==== Records for the task ====

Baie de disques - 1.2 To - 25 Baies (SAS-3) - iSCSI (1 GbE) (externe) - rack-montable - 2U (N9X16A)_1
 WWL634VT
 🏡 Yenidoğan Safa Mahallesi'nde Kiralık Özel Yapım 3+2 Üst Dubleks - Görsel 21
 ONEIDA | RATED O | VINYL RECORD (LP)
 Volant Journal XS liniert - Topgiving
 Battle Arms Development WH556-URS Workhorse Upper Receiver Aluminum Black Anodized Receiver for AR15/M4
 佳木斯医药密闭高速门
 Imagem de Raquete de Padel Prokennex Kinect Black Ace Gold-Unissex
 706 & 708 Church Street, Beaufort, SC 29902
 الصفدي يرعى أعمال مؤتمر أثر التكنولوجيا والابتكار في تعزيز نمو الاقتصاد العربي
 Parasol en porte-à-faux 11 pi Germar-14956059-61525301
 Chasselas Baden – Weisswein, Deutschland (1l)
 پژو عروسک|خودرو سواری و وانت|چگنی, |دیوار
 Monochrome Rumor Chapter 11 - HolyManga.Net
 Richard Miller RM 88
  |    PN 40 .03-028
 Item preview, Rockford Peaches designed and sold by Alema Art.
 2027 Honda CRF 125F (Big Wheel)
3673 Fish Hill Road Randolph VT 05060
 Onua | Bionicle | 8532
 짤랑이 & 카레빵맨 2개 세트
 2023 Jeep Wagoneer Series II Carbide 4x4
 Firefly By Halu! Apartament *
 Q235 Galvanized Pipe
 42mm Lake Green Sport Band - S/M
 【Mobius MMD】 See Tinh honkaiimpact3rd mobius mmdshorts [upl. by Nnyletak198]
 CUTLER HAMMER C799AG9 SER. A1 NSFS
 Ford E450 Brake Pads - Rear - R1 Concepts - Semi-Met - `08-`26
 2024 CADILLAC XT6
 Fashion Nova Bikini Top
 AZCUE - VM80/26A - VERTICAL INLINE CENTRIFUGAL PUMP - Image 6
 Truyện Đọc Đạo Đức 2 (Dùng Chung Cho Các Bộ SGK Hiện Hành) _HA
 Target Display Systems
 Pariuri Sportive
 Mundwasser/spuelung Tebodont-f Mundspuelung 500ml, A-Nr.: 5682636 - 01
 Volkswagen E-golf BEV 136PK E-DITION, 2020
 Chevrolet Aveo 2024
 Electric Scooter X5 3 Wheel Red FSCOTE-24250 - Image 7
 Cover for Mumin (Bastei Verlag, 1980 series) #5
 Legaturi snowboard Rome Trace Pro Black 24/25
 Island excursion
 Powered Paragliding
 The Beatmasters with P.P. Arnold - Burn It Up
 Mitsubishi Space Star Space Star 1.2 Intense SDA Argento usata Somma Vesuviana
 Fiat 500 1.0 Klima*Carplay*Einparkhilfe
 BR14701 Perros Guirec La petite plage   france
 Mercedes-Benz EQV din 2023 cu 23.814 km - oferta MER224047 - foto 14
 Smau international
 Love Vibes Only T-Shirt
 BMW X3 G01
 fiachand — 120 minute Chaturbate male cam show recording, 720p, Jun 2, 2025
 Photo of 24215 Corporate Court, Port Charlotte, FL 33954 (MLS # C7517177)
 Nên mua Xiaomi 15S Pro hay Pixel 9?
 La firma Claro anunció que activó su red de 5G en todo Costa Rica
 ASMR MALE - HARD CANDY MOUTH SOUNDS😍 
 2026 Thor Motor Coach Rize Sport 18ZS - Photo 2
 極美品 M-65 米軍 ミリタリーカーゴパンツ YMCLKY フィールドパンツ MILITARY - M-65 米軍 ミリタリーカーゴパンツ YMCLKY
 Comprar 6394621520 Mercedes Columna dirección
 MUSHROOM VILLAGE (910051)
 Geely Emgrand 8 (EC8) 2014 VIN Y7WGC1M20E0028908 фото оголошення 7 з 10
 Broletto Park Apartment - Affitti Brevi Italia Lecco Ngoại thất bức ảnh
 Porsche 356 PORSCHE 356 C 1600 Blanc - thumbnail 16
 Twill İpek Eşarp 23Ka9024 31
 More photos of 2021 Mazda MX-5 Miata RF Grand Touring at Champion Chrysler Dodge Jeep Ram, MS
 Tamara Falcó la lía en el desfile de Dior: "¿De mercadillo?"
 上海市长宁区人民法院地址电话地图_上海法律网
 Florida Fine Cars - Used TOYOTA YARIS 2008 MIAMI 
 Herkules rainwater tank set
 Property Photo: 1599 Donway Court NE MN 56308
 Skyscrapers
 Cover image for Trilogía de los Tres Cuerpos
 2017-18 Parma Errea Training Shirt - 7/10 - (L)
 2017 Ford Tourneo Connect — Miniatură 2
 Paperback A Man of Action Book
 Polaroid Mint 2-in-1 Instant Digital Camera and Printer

====

For this exercise, gather every line of the data that contains the word "Shirt".

Task response >>
 Love Vibes Only T-Shirt
 2017-18 Parma Errea Training Shirt - 7/10 - (L)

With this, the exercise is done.